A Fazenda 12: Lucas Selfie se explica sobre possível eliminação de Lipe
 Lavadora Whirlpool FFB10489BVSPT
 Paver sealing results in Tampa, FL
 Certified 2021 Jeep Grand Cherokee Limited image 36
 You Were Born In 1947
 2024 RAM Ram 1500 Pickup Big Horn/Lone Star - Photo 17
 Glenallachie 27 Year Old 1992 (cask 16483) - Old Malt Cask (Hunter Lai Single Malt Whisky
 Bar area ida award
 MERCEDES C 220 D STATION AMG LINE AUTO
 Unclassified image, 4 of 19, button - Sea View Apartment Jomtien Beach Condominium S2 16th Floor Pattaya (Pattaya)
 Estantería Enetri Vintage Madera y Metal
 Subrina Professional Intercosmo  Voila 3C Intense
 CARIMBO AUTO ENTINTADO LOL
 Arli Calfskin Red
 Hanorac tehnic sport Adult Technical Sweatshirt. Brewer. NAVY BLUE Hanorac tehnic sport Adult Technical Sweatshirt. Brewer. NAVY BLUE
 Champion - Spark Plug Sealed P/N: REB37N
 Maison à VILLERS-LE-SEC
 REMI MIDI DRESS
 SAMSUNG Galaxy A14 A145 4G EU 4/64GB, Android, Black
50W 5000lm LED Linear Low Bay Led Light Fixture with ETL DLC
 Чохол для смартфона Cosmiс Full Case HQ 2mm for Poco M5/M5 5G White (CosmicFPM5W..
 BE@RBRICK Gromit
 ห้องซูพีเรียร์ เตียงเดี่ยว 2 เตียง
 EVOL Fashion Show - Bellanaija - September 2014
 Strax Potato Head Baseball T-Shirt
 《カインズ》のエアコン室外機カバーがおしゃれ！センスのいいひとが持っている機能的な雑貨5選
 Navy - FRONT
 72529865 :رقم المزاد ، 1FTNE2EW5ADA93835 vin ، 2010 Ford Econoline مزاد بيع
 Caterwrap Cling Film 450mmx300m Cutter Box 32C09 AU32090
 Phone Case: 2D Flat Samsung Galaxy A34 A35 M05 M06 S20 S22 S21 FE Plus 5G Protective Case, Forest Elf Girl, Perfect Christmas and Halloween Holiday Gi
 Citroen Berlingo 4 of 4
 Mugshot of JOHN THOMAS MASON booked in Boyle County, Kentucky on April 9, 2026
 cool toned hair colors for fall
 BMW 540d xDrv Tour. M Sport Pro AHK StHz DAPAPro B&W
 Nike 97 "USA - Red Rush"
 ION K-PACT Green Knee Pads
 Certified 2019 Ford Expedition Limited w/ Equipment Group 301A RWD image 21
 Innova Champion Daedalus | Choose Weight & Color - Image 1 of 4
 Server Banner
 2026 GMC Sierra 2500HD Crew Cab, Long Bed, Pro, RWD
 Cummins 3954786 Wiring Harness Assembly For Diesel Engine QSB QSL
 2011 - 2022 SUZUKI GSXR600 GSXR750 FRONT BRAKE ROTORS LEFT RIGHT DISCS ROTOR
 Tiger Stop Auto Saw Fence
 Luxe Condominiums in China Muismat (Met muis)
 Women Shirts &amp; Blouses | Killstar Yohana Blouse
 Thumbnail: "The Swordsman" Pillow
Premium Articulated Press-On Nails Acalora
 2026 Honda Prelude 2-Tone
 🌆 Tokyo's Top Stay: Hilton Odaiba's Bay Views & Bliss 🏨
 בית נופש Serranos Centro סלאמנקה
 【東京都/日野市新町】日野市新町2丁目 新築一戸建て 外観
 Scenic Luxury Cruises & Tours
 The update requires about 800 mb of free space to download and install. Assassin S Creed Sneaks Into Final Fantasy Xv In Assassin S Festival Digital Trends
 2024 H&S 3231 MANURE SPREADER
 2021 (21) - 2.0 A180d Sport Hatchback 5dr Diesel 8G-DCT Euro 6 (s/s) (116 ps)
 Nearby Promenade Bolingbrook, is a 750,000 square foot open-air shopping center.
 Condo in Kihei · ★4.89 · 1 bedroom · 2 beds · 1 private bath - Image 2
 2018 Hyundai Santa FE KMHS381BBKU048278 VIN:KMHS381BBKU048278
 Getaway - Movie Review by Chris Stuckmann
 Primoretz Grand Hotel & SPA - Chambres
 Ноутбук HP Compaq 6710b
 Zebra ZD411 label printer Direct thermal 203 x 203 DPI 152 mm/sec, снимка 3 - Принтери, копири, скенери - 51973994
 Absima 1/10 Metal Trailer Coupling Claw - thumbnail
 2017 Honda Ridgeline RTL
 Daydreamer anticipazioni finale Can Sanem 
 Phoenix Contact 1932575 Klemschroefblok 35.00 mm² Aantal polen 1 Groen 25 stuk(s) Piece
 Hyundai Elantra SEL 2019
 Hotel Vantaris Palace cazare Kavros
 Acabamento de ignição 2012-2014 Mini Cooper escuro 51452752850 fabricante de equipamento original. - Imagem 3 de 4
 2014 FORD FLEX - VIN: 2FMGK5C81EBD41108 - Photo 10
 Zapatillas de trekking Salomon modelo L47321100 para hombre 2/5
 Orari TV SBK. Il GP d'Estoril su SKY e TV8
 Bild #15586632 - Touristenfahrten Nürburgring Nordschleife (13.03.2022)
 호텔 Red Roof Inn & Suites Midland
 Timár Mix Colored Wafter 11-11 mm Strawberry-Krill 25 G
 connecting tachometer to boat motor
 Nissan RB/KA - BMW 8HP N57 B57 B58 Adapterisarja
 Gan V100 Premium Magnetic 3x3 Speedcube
..............................
• **Try it**: Give back every entry exactly.

• **Answer box**:
A Fazenda 12: Lucas Selfie se explica sobre possível eliminação de Lipe
 Lavadora Whirlpool FFB10489BVSPT
 Paver sealing results in Tampa, FL
 Certified 2021 Jeep Grand Cherokee Limited image 36
 You Were Born In 1947
 2024 RAM Ram 1500 Pickup Big Horn/Lone Star - Photo 17
 Glenallachie 27 Year Old 1992 (cask 16483) - Old Malt Cask (Hunter Lai Single Malt Whisky
 Bar area ida award
 MERCEDES C 220 D STATION AMG LINE AUTO
 Unclassified image, 4 of 19, button - Sea View Apartment Jomtien Beach Condominium S2 16th Floor Pattaya (Pattaya)
 Estantería Enetri Vintage Madera y Metal
 Subrina Professional Intercosmo  Voila 3C Intense
 CARIMBO AUTO ENTINTADO LOL
 Arli Calfskin Red
 Hanorac tehnic sport Adult Technical Sweatshirt. Brewer. NAVY BLUE Hanorac tehnic sport Adult Technical Sweatshirt. Brewer. NAVY BLUE
 Champion - Spark Plug Sealed P/N: REB37N
 Maison à VILLERS-LE-SEC
 REMI MIDI DRESS
 SAMSUNG Galaxy A14 A145 4G EU 4/64GB, Android, Black
50W 5000lm LED Linear Low Bay Led Light Fixture with ETL DLC
 Чохол для смартфона Cosmiс Full Case HQ 2mm for Poco M5/M5 5G White (CosmicFPM5W..
 BE@RBRICK Gromit
 ห้องซูพีเรียร์ เตียงเดี่ยว 2 เตียง
 EVOL Fashion Show - Bellanaija - September 2014
 Strax Potato Head Baseball T-Shirt
 《カインズ》のエアコン室外機カバーがおしゃれ！センスのいいひとが持っている機能的な雑貨5選
 Navy - FRONT
 72529865 :رقم المزاد ، 1FTNE2EW5ADA93835 vin ، 2010 Ford Econoline مزاد بيع
 Caterwrap Cling Film 450mmx300m Cutter Box 32C09 AU32090
 Phone Case: 2D Flat Samsung Galaxy A34 A35 M05 M06 S20 S22 S21 FE Plus 5G Protective Case, Forest Elf Girl, Perfect Christmas and Halloween Holiday Gi
 Citroen Berlingo 4 of 4
 Mugshot of JOHN THOMAS MASON booked in Boyle County, Kentucky on April 9, 2026
 cool toned hair colors for fall
 BMW 540d xDrv Tour. M Sport Pro AHK StHz DAPAPro B&W
 Nike 97 "USA - Red Rush"
 ION K-PACT Green Knee Pads
 Certified 2019 Ford Expedition Limited w/ Equipment Group 301A RWD image 21
 Innova Champion Daedalus | Choose Weight & Color - Image 1 of 4
 Server Banner
 2026 GMC Sierra 2500HD Crew Cab, Long Bed, Pro, RWD
 Cummins 3954786 Wiring Harness Assembly For Diesel Engine QSB QSL
 2011 - 2022 SUZUKI GSXR600 GSXR750 FRONT BRAKE ROTORS LEFT RIGHT DISCS ROTOR
 Tiger Stop Auto Saw Fence
 Luxe Condominiums in China Muismat (Met muis)
 Women Shirts &amp; Blouses | Killstar Yohana Blouse
 Thumbnail: "The Swordsman" Pillow
Premium Articulated Press-On Nails Acalora
 2026 Honda Prelude 2-Tone
 🌆 Tokyo's Top Stay: Hilton Odaiba's Bay Views & Bliss 🏨
 בית נופש Serranos Centro סלאמנקה
 【東京都/日野市新町】日野市新町2丁目 新築一戸建て 外観
 Scenic Luxury Cruises & Tours
 The update requires about 800 mb of free space to download and install. Assassin S Creed Sneaks Into Final Fantasy Xv In Assassin S Festival Digital Trends
 2024 H&S 3231 MANURE SPREADER
 2021 (21) - 2.0 A180d Sport Hatchback 5dr Diesel 8G-DCT Euro 6 (s/s) (116 ps)
 Nearby Promenade Bolingbrook, is a 750,000 square foot open-air shopping center.
 Condo in Kihei · ★4.89 · 1 bedroom · 2 beds · 1 private bath - Image 2
 2018 Hyundai Santa FE KMHS381BBKU048278 VIN:KMHS381BBKU048278
 Getaway - Movie Review by Chris Stuckmann
 Primoretz Grand Hotel & SPA - Chambres
 Ноутбук HP Compaq 6710b
 Zebra ZD411 label printer Direct thermal 203 x 203 DPI 152 mm/sec, снимка 3 - Принтери, копири, скенери - 51973994
 Absima 1/10 Metal Trailer Coupling Claw - thumbnail
 2017 Honda Ridgeline RTL
 Daydreamer anticipazioni finale Can Sanem 
 Phoenix Contact 1932575 Klemschroefblok 35.00 mm² Aantal polen 1 Groen 25 stuk(s) Piece
 Hyundai Elantra SEL 2019
 Hotel Vantaris Palace cazare Kavros
 Acabamento de ignição 2012-2014 Mini Cooper escuro 51452752850 fabricante de equipamento original. - Imagem 3 de 4
 2014 FORD FLEX - VIN: 2FMGK5C81EBD41108 - Photo 10
 Zapatillas de trekking Salomon modelo L47321100 para hombre 2/5
 Orari TV SBK. Il GP d'Estoril su SKY e TV8
 Bild #15586632 - Touristenfahrten Nürburgring Nordschleife (13.03.2022)
 호텔 Red Roof Inn & Suites Midland
 Timár Mix Colored Wafter 11-11 mm Strawberry-Krill 25 G
 connecting tachometer to boat motor
 Nissan RB/KA - BMW 8HP N57 B57 B58 Adapterisarja
 Gan V100 Premium Magnetic 3x3 Speedcube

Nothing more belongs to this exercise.